The first time I had heard of Marcus Samuelsson was when I caught an episode of The Taste in early 2016. Similar to The Voice, the show had chefs serve the celebrity judges food “blind.” Based on taste alone they had to pick which chefs they wanted in their kitchen.

I like to cook, and cooking shows tend to give me ideas, but I have never pulled a book out of the food writing section of a book store.

I was very excited when a Book Riot BookMail came and it was food themed. One of the books was Yes, Chef, and although I recognized the name, I didn’t know what to expect, other than that it was a memoir.

Marcus Samuelsson’s story begins in 1970s Ethiopia. In 1972, he, along with is mother and sister, came down with tuberculosis. His mother died and he and his sister were put up for adoption. They were adopted by a Swedish couple. When they were adopted they were renamed, and introduced to a world that was unlike anything they’d known.

But this isn’t a story about adoption. Marcus details his love for food growing up including going to the fishmonger,  spending weekends with is grandmother in her kitchen, and smoking fish in his uncle’s smokehous, and eventually leading him to Aquavit, Top Chef, and to open his restaurant The Red Rooster.

I am still trying to sort out my feelings for this book.

I like good food, and to me learning about kitchen politics, and the way a commercial kitchen was set up is interesting. I also didn’t know anything about Swedish or African foods, so I felt like I got a little bit of insight into that.

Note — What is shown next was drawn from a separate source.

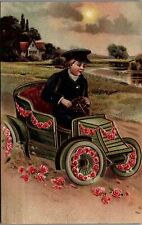 c1909 VICTORIAN BOY DRIVING AUTOMOBILE FLOWERS VALENTINES DAY POSTCARD 39-86 picture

I will say this, all the food talk made me really hungry at some points, and did inspire me to cook. 

His observations about race, and how food from different continents is labeled as “ethnic” but provides an identity for several communities is insightful, and I feel like I did come away learning something from this book.

But this is also a memoir, so there are also personal stories, and personal choices Marcus makes to get to being this chef that ends up working in three star restaurants, winning Top Chef, and catering for the Obamas.

I felt like Marcus Samuelsson’s story is interesting. Hearing about his adoption, and growing up in a different culture was fascinating to me, but much like a character in a fiction book, Marcus has some qualities that rubbed me the wrong way.

Marcus has a blinding desire to be a chef! That dream is like the sun to him. And he pursues that without regard for who he may hurt along the way. He talks about lost friends, he talks about the daughter he ran away from until she was fourteen, and he talks about having to buy his name back when a longstanding partnership went south.

Where his narrative seemed a little thing and artificial to me was towards the end where there seems to be endless justification regarding what he’s done to get to where he is.  As a result, the end of the story feels a little self-serving and flat to me.

Overall, if you have an interest in food, and the cultures of different food then I would recommend this book. If you’re looking for a perfect idol, you may have to go elsewhere.

What I know, for me personally, this book has inspired me to look through more food writing, and food memoirs. It’s bombed Stir: My Broken Brain and the Meals that Brought Me Home by Jessica Fechtor, and Butter by Elaine Khosrova closer to the top of my to-be-read list!